Меня расстраивало лишь одно: все опять затягивалось из-за того, что у Эли далеко не всегда возникало настроение заниматься звукорежиссурой в то время, как я уже почти полгода жил одними лишь надеждами на скорейшее окончание проекта; из из-за того, что Вова далеко не всегда мог тратить на меня обещанное им время, поскольку интенсивно репетировал с Ревякиным из многих почему-то и по сей день интересующей группы «Калинов мост».

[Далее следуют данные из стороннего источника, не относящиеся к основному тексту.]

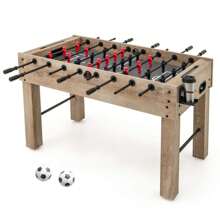 Lifezeal 54 Inches Full Size Foosball Table With Legs 2 Balls & 2 Foldable Cup Holders - Natural Color - View 1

Меня это, конечно, грузило, но я был готов на любое ожидание, на любое унижение, на любую хуйню – лишь бы закончить запись своих песен. Я чувствовал, как у меня на глазах меняется характер. Меня радовало, что я становлюсь все выносливее и выносливее; что когда нет возможности работать на студии по причине отсутствия у Эли и Володи такового желания, я спокойно, как бы мне не было хуево, сажусь писать попсовые тексты, которые я к тому времени уже люто-люто ненавидел, но знал, что в каком бы хуевом расположении духа я не пребывал – совершенно исключено, чтобы я сел слушать вокально-попсовые рыбы и за час-другой не заполнил их понравившимися клиенту словами, за которые они заплатят мне денежки, на которые я куплю себе кофе, сигарет, угощу чем-нибудь Катечку Живову и на следующую смену явлюсь к Эле не с пустыми руками. Этому научили меня ремонты с Сережей. Этому научил меня сам Сережа, всегда подсознательно стремящийся быть такой свободной птицей, какой был ранее я, до тех пор, пока не встретился с ним.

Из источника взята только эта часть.